市文 一四世紀後半 元善町 世尊院蔵
銅製 鋳造 鍍金(剥落) 総長一七・二センチメートル
五鈷鈴は密教の儀式・修法のなかで、この鈴を鳴らすことにより、仏を驚覚し歓喜させる働きをもつものといわれている。本院に伝存する五鈷鈴は、鈷部先端に五本の鈷、その下に嘴形(くちばしがた)の脇鈷をつける。把部は中央部に、ほぼ円形の鬼目六個、その上下に二条の紐で約した八葉三重弁、八葉重弁の蓮弁、間弁などを刻む。また鈴部の頂きにも同様な蓮弁、その周囲には放射状の蘂(ずい)、小粒の葯(やく)が刻まれている。胴部は素文で、何条かの圏線、かまぼこ型の凸帯の子持圏線がめぐらされ、口縁部は幅広の帯で鈴部をしめくくり、鈴内には舌(ぜつ)が完存している。現状では鍍金の痕跡は確認されないが、鋳あがりは均一で鋳造技術は精巧である。また全体に簡素で華麗さはないが力強さが感じられる。その形制には、鎌倉時代の特徴はうかがえるが、やや様式化された趣が感じられる点から、製作年代は鎌倉時代末から南北朝時代と推定されよう。

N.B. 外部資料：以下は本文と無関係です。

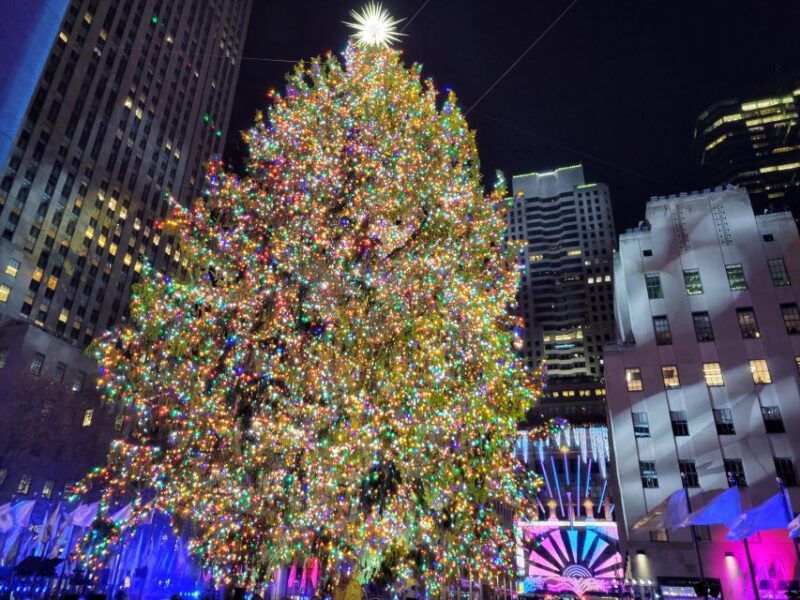 nyc-holiday-lights-guided-bus-tour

なお本院には、この五鈷鈴と形制が酷似した羯磨金剛(かつまこんごう)(市文)が伝存する。通例では略して羯磨とよぶ。やはり金剛杵などと同じように、密教の儀式や修法に用いられ、古代インドの武器を象徴し、仏にほんらい備わっている知恵をあらわすものとされている。鬼目の周囲にめぐらされた八葉三重弁、八葉重弁の蓮弁、間弁、一条の紐で約された鈷部の蓮弁、地にあしらわれた蘂(しべ)の文様など、五鈷鈴と共通しているが、この羯磨は、五鈷鈴の素朴で力強い形成からみると、全体的に様式化された趣が強い。こんな点から製作年代は一五世紀の室町時代中期と推定される。